START SOURCE DATA
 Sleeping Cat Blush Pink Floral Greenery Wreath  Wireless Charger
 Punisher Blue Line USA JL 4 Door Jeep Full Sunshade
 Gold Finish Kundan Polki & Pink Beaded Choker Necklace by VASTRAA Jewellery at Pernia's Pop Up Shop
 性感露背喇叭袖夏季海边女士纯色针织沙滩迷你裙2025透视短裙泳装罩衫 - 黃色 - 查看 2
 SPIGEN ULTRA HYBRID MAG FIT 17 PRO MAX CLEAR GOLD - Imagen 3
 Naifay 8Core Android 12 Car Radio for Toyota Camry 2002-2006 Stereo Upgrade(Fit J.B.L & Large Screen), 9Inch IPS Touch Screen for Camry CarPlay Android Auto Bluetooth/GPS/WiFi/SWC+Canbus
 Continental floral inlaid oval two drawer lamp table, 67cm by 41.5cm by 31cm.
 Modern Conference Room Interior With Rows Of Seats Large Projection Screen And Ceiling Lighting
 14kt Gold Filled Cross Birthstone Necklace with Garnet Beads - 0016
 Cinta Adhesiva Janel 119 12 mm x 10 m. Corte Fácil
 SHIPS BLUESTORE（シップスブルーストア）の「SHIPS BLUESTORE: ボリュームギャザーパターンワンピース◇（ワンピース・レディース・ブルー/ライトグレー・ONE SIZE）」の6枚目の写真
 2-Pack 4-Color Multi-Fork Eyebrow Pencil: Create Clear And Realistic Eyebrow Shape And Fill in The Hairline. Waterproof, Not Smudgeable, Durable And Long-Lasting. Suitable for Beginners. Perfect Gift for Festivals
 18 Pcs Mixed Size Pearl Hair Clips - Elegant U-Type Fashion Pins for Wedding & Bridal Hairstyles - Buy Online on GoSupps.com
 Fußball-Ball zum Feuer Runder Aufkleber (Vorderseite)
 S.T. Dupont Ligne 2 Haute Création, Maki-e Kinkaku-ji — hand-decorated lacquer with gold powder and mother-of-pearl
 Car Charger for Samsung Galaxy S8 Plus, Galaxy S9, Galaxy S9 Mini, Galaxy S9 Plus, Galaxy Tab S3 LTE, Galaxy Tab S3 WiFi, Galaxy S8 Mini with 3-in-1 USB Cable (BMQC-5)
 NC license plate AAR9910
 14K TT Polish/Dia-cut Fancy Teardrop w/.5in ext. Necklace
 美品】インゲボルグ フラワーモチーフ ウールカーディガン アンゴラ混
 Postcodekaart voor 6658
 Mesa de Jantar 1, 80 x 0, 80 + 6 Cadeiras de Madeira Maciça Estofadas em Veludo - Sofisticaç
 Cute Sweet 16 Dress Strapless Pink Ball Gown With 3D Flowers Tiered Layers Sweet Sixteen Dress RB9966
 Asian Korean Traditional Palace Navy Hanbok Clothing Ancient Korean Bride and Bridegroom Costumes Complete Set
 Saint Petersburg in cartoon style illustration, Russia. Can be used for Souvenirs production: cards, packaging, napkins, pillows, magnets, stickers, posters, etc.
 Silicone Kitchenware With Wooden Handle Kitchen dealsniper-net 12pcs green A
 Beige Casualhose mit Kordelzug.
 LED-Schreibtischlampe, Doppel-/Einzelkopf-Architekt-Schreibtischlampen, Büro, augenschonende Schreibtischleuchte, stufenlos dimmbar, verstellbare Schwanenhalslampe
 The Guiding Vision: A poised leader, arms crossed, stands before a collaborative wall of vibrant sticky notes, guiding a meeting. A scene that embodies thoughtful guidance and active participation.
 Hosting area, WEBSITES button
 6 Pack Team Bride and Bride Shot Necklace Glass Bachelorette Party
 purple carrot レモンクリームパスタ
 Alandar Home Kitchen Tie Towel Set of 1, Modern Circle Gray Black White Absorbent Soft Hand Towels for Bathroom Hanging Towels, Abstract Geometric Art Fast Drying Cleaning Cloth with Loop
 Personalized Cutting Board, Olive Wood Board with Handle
END SOURCE DATA
### TASK REQUIREMENTS
Emit an exact copy of the lines spanning the start of the records to the line containing "Continental floral inlaid", inclusive, and no other output.

### WRITTEN ANSWER
 Sleeping Cat Blush Pink Floral Greenery Wreath  Wireless Charger
 Punisher Blue Line USA JL 4 Door Jeep Full Sunshade
 Gold Finish Kundan Polki & Pink Beaded Choker Necklace by VASTRAA Jewellery at Pernia's Pop Up Shop
 性感露背喇叭袖夏季海边女士纯色针织沙滩迷你裙2025透视短裙泳装罩衫 - 黃色 - 查看 2
 SPIGEN ULTRA HYBRID MAG FIT 17 PRO MAX CLEAR GOLD - Imagen 3
 Naifay 8Core Android 12 Car Radio for Toyota Camry 2002-2006 Stereo Upgrade(Fit J.B.L & Large Screen), 9Inch IPS Touch Screen for Camry CarPlay Android Auto Bluetooth/GPS/WiFi/SWC+Canbus
 Continental floral inlaid oval two drawer lamp table, 67cm by 41.5cm by 31cm.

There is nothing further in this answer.